═════ Recorded information ═════

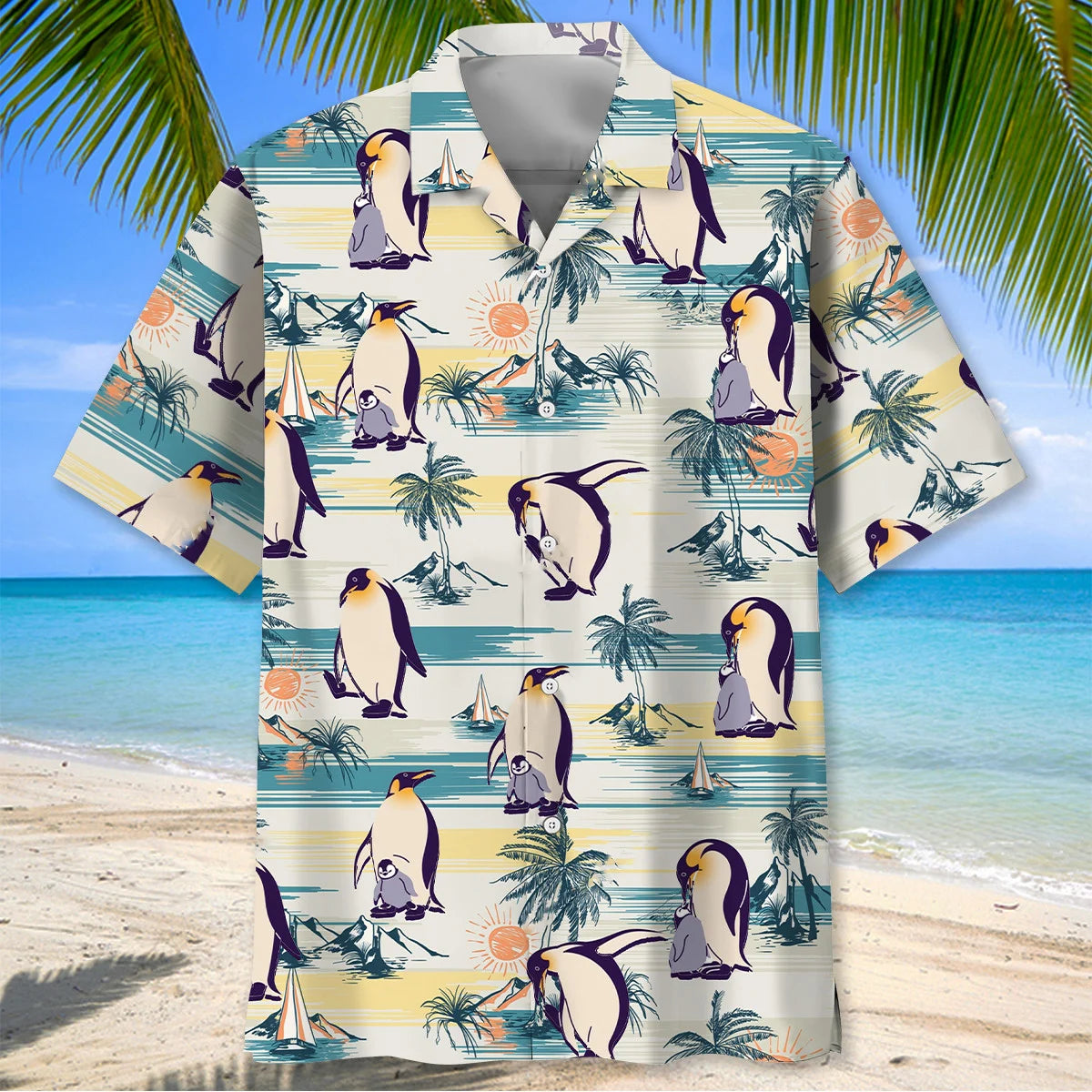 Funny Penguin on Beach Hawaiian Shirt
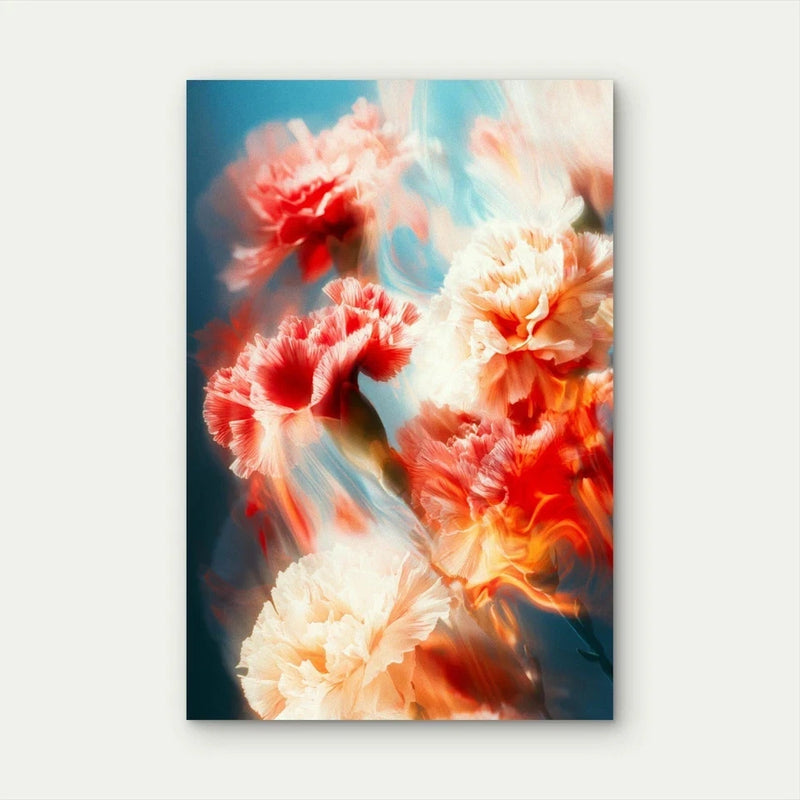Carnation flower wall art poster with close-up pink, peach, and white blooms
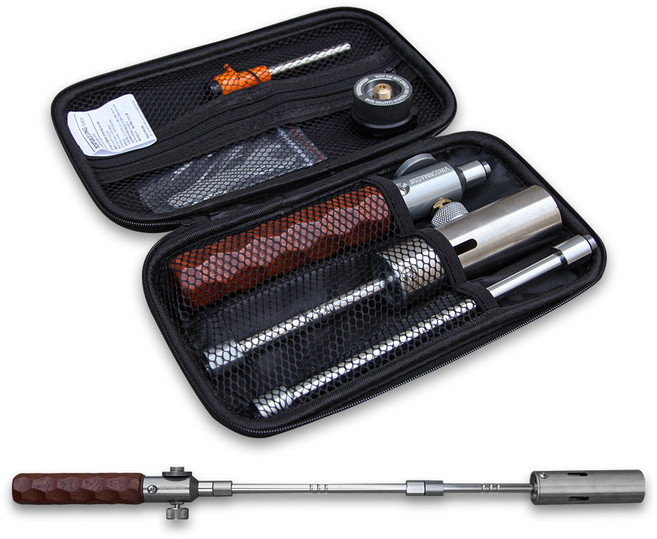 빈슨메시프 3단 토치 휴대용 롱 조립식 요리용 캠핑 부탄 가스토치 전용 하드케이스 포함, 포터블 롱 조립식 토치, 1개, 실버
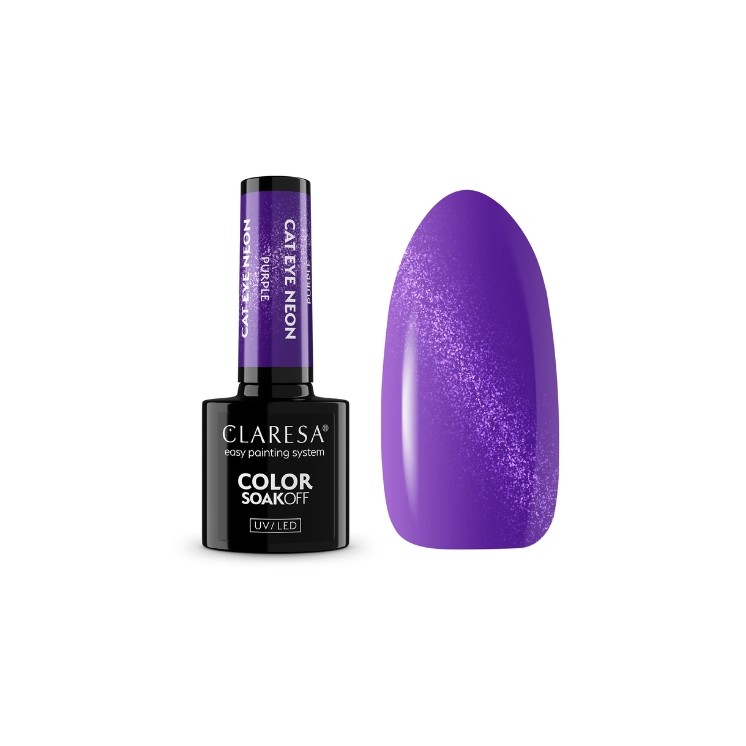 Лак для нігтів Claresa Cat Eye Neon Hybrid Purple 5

═════

• _Required action_
Nothing but the pictures is to be left out; the rest of the listing should be copied exactly.

• _Problem solution_
 Funny Penguin on Beach Hawaiian Shirt
Carnation flower wall art poster with close-up pink, peach, and white blooms
 빈슨메시프 3단 토치 휴대용 롱 조립식 요리용 캠핑 부탄 가스토치 전용 하드케이스 포함, 포터블 롱 조립식 토치, 1개, 실버
 Лак для нігтів Claresa Cat Eye Neon Hybrid Purple 5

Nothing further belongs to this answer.